Di era sekarang, mencari ilmu pendidikan tidaklah lagi harus dibangku sekolah, bahkan sekolah sudah di nomor duakan oleh teknologi.

Sebab teknologi sudah menjelaskan keberhasilan-keberhasilan yang didapatkan oleh media. (Jamberita.com) (Yulyana Eka Sari Sabtu, 24, Agustus 2019).

Oleh karena itu, jadilah manusia pintar dan terdidik.

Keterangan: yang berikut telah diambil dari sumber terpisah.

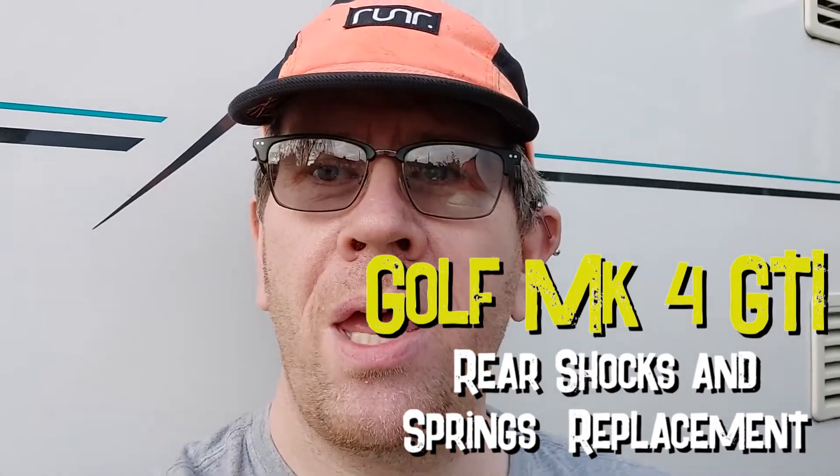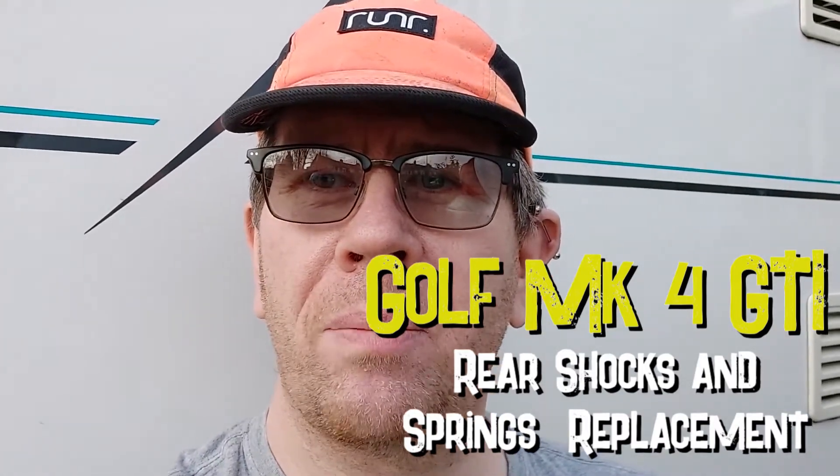Hello and welcome back to the channel. This afternoon we're going to be changing the springs and shock absorbers on the back of the Golf GTI. Let's see how this goes. Hopefully it'll be a quick one.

Bukan hanya pintar dalam berbagai ilmu, tetapi selain pintar kita juga harus terdidik, dengan mengedepankan etika, sopan santun, dan berperilaku baik kepada semua orang.

Jika kita sudah mendapatkan keduanya yaitu pintar dan terdidik, maka, secara tidak langsung kita sudah mengaplikasikan pesan dari Ki Hajar Dewantara.

Jika kita dapat mengaplikasikannya kita akan terhindar dari sifat angkuh dan tidak akan ada lagi orang yang sombong karena ilmunya yang tinggi.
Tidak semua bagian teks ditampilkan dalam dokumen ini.